By Barbara Liston
ORLANDO, Fla. (Reuters) - Three former members of the Florida A&M University marching band members went on trial on Tuesday for manslaughter and felony hazing in the 2011 death of a drum major.
Prosecutors accused more than a dozen members of the school's acclaimed "Marching 100" band of submitting Robert Champion, 26, to a ritual beating on the band's bus to gain respect.
Benjamin McNamee, Aaron Golson and Darryl Cearnel are the last members of the band to go on trial in Champion's death and each face up to 15 years in prison if convicted.
Out of 15 band members charged, only one other former band member, percussionist Dante Martin, chose to go to trial. Martin, who prosecutors called the ringleader, was found guilty and sentenced in January to more than six years in prison.
All but one of the others charged in the death accepted plea deals and received community service services. Jessie Baskin was sentenced last year to 51 weeks in jail.

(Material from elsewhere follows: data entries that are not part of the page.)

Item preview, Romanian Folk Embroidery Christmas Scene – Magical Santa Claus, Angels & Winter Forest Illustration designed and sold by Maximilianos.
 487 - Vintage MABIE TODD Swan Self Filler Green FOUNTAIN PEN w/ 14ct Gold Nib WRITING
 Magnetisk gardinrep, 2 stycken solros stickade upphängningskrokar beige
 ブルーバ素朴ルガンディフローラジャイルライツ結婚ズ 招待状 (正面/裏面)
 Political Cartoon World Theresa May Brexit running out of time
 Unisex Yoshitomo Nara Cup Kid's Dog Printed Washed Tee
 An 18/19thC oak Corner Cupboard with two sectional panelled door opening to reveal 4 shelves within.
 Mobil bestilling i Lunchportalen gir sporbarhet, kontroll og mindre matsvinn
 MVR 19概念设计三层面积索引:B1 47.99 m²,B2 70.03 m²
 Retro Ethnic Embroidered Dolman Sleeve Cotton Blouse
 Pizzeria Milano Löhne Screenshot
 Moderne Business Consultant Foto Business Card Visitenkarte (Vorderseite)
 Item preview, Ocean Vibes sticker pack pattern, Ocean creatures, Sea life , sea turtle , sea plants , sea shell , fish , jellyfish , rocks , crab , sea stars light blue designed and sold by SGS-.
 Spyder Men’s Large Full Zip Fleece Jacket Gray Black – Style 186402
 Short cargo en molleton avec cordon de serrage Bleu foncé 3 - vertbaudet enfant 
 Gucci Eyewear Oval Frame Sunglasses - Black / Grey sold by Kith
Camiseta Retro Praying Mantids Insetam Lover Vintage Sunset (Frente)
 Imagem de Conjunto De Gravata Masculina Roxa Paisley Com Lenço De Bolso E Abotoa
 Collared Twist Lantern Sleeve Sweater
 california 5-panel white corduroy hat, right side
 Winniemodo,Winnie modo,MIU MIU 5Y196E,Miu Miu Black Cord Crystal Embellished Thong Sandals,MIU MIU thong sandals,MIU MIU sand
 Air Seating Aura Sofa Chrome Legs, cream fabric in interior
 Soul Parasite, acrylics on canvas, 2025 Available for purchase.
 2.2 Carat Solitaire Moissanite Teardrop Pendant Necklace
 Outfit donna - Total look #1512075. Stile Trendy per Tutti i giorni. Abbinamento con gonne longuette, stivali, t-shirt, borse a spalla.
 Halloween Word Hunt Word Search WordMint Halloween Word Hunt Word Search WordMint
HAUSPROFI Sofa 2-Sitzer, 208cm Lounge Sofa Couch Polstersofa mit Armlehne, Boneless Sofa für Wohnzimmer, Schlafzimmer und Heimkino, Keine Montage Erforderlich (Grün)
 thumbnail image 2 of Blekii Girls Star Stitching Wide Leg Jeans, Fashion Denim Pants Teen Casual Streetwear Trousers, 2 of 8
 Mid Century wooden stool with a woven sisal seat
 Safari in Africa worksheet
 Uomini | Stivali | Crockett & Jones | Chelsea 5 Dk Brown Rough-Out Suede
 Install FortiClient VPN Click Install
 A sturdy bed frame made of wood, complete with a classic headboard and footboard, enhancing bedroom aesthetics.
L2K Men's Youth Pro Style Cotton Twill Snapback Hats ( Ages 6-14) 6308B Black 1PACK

The Florida A&M band, which has performed at the Super Bowl, Grammy Awards and presidential inaugurations, was suspended by the school for more than a year after Champion's death.
Authorities said Champion died from shock caused by severe bleeding after being hazed. The accused band members were charged with punching, kicking and striking Champion during a ritual known as "Crossing Bus C."
The incident prompted the resignation of several prominent school officials at the historically black college.
FAMU says it has since strengthened its anti-hazing policy, hired a compliance officer for the music department and a special assistant to the president to combat hazing, among other steps aimed at reducing violent behavior.